Institute of Computer Science AS CR, Pod vodárenskou věží 2, 18207 Prague 8, Czech Republic.
Chaos. 2011 Mar;21(1):013119. doi: 10.1063/1.3553181.
In recent years, there has been an increasing interest in the study of large-scale brain activity interaction structure from the perspective of complex networks, based on functional magnetic resonance imaging (fMRI) measurements. To assess the strength of interaction (functional connectivity, FC) between two brain regions, the linear (Pearson) correlation coefficient of the respective time series is most commonly used. Since a potential use of nonlinear FC measures has recently been discussed in this and other fields, the question arises whether particular nonlinear FC measures would be more informative for the graph analysis than linear ones. We present a comparison of network analysis results obtained from the brain connectivity graphs capturing either full (both linear and nonlinear) or only linear connectivity using 24 sessions of human resting-state fMRI. For each session, a matrix of full connectivity between 90 anatomical parcel time series is computed using mutual information. For comparison, connectivity matrices obtained for multivariate linear Gaussian surrogate data that preserve the correlations, but remove any nonlinearity are generated. Binarizing these matrices using multiple thresholds, we generate graphs corresponding to linear and full nonlinear interaction structures. The effect of neglecting nonlinearity is then assessed by comparing the values of a range of graph-theoretical measures evaluated for both types of graphs. Statistical comparisons suggest a potential effect of nonlinearity on the local measures-clustering coefficient and betweenness centrality. Nevertheless, subsequent quantitative comparison shows that the nonlinearity effect is practically negligible when compared to the intersubject variability of the graph measures. Further, on the group-average graph level, the nonlinearity effect is unnoticeable.

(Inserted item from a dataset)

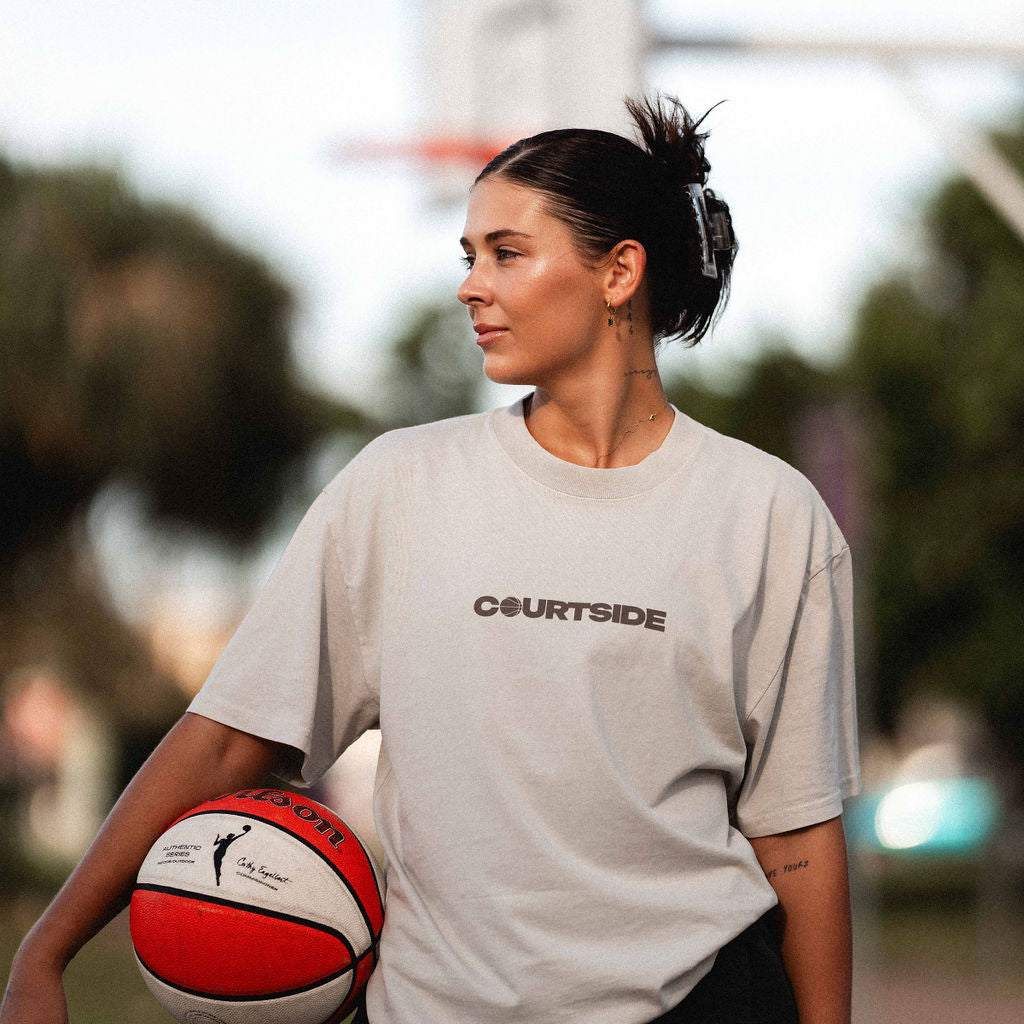 bone tshirt shown on female basketball player holding a basketball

近年来,基于功能磁共振成像(fMRI)测量,从复杂网络的角度研究大规模大脑活动的相互作用结构引起了越来越多的关注。为了评估两个脑区之间的相互作用强度(功能连接,FC),最常用的是各自时间序列的线性(皮尔逊)相关系数。由于最近在这个和其他领域讨论了非线性 FC 测量的潜在用途,因此出现了一个问题,即特定的非线性 FC 测量是否比线性测量更能为图分析提供信息。我们比较了使用 24 个人类静息态 fMRI 会话捕获全连接(线性和非线性)或仅线性连接的脑连接图的网络分析结果。对于每个会话,使用互信息计算 90 个解剖区时间序列之间的全连接矩阵。为了进行比较,生成了保留相关性但去除任何非线性的多元线性高斯替代数据的连接矩阵。使用多个阈值对这些矩阵进行二值化,我们生成了对应于线性和全非线性相互作用结构的图。然后通过比较两种类型的图评估的一系列图论度量的值来评估忽略非线性的影响。统计比较表明,局部度量-聚类系数和中间中心性可能受到非线性的影响。然而,随后的定量比较表明,与图度量的个体间变异性相比,非线性效应实际上可以忽略不计。此外,在组平均图水平上,非线性效应是不可察觉的。